• What the task requires:
Exactly as they stand, repeat the lines from the one containing "Dodge RAM logo head uterus vagina similarity" through the final line of the listing, both ends included, and nothing else; skip the pictures.

• Data for this exercise:

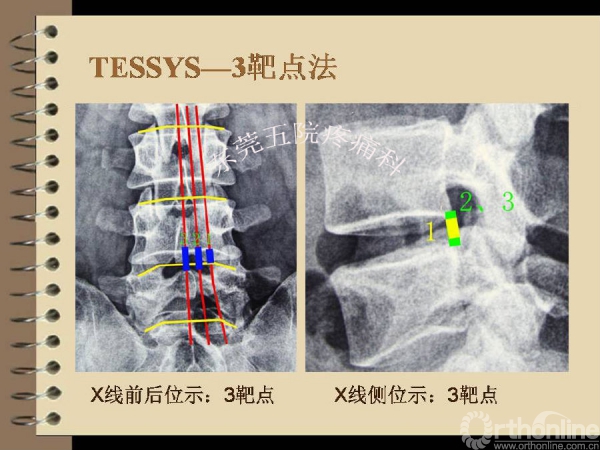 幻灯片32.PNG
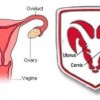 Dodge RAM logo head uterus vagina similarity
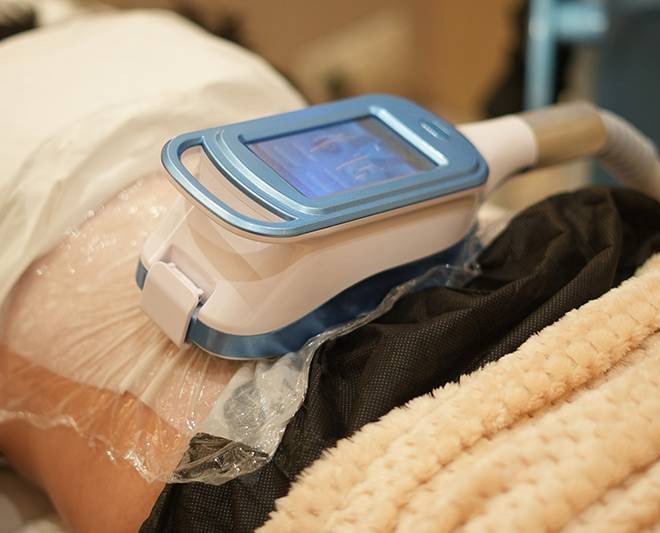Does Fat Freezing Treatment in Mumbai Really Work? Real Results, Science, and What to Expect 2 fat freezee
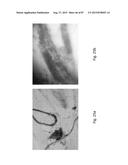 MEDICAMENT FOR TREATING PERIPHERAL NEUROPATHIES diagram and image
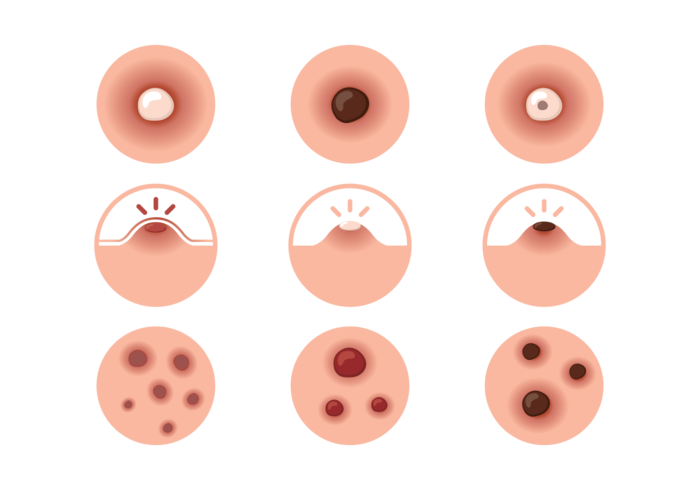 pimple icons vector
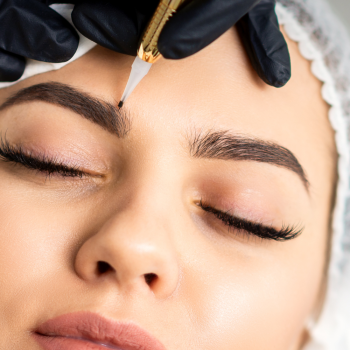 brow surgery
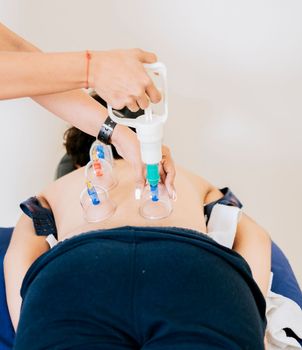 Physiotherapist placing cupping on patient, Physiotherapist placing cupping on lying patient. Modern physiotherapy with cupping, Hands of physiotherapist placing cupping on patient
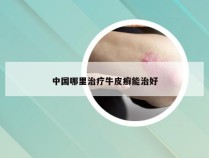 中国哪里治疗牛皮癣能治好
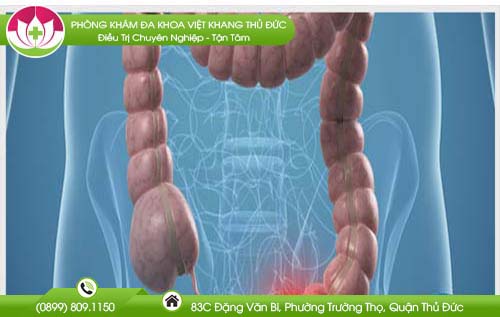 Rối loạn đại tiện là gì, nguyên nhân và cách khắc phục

• Task solution:
 Dodge RAM logo head uterus vagina similarity
Does Fat Freezing Treatment in Mumbai Really Work? Real Results, Science, and What to Expect 2 fat freezee
 MEDICAMENT FOR TREATING PERIPHERAL NEUROPATHIES diagram and image
 pimple icons vector
 brow surgery
 Physiotherapist placing cupping on patient, Physiotherapist placing cupping on lying patient. Modern physiotherapy with cupping, Hands of physiotherapist placing cupping on patient
 中国哪里治疗牛皮癣能治好
 Rối loạn đại tiện là gì, nguyên nhân và cách khắc phục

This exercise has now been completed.